Il reste que dans ce procès, tous les torts ne sont pas à l’accusation. Les jeunes de « un nouveau mouvement » ont raison de dire qu’il y a impasse et qu’il faut en sortir. Ils ne se rendent compte pas toutefois qu’il n’y a pas plus péquiste que leur démarche lorsqu’ils disent que l’indépendance ne se fera pas contre le Canada. Elle aura beau être pour « Nous », pour la réalisation du plus beau projet collectif, la réalité historique fait que ce projet se heurtera à l’impérialisme anglo-saxon le plus sale. Cette indépendance qu’elle soit faite par des petits anges roses ou par des guerriers représente la mort de la Confédération Canadienne, et pour le Canada Anglais c’est un acte éminemment hostile envers ce qu’ils conçoivent être leur nation. Alors ne critiquons pas le PQ en étant plus péquiste que les péquistes.

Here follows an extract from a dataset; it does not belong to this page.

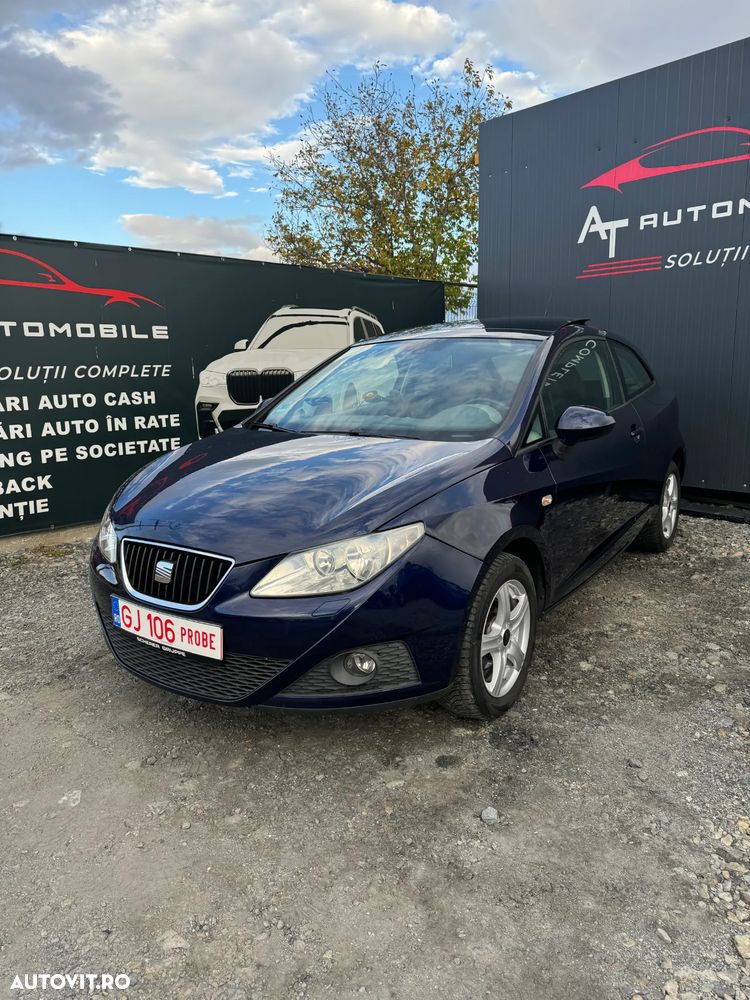 Seat Ibiza SC 1.6 16V DSG Style - 1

J’en arrive au cas Jean-Martin Aussant. Au début de cette crise, je croyais que nous avions affaire à un nouveau Pierre Bourgault, convaincu, décidé, éminemment ferré en toutes matières. Plus il intervient, plus je m’aperçois qu’il est tout sauf stratégique. Sa démarche essentielle consiste en ceci : expliquer à nouveau les avantages de l’indépendance. S’il devient chef du nouveau parti qu’il entend fonder, l’appui à la souveraineté ne peut selon lui que grimper car il n’a jamais trouvé dit-il d’argument contre la souveraineté qu’il ne puisse défaire. Bref, tout est une question de vente. Qu’on ait devant soi la collusion du monde des affaires, de la bourgeoisie anglophone, du gouvernement canadien, de l’ensemble des medias de masse, ne semble pas faire de différence. Pas un mot non plus sur le déclin du français, et surtout une évidente allergie à parler de l’immigration qui représente désormais l’équivalent de un comté par année et qui est soumise à son arrivée à la terrible loi de l’anglicisation. Bref, rien dans son armature intellectuelle qui soit propice à livrer une guerre, car c’en est une que la bataille de l’indépendance. En résumé, rien de plus péquiste encore que Jean-Martin Aussant.

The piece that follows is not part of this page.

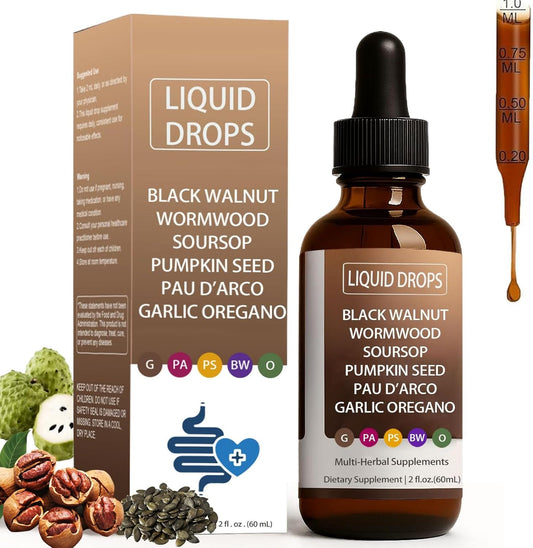Bioszenix Gentle Herbal Gut Cleansing Tincture
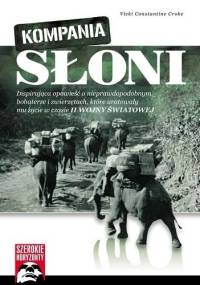 Kompania słoni - Vicki Constantine Croke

Désolé si je semble sévère. Parfois je peux l’être envers tout le monde et je continuerai à l’être d’ailleurs envers le PQ s’il réussit à survivre à cette crise. Il reste que je n’ai pas évoqué Pierre Curzi qui bien qu’ayant déclenché presque malgré lui cette crise a réussi à maintenir une position qui préserve l’avenir et même le présent. J’attends la position de M.Parizeau qui risque certainement d’être salutaire et dont le tort n’a jamais été que de ne pas savoir se faire écouter. Pour ma conclusion, il me reste à dire que Falardeau même s’il ne livre plus ses grands coups de gueule continue certainement à me parler. En disant que je ne savais pas ce qu’il penserait de tout ça, j’ai probablement atténué l’étonnante impression de sa présence.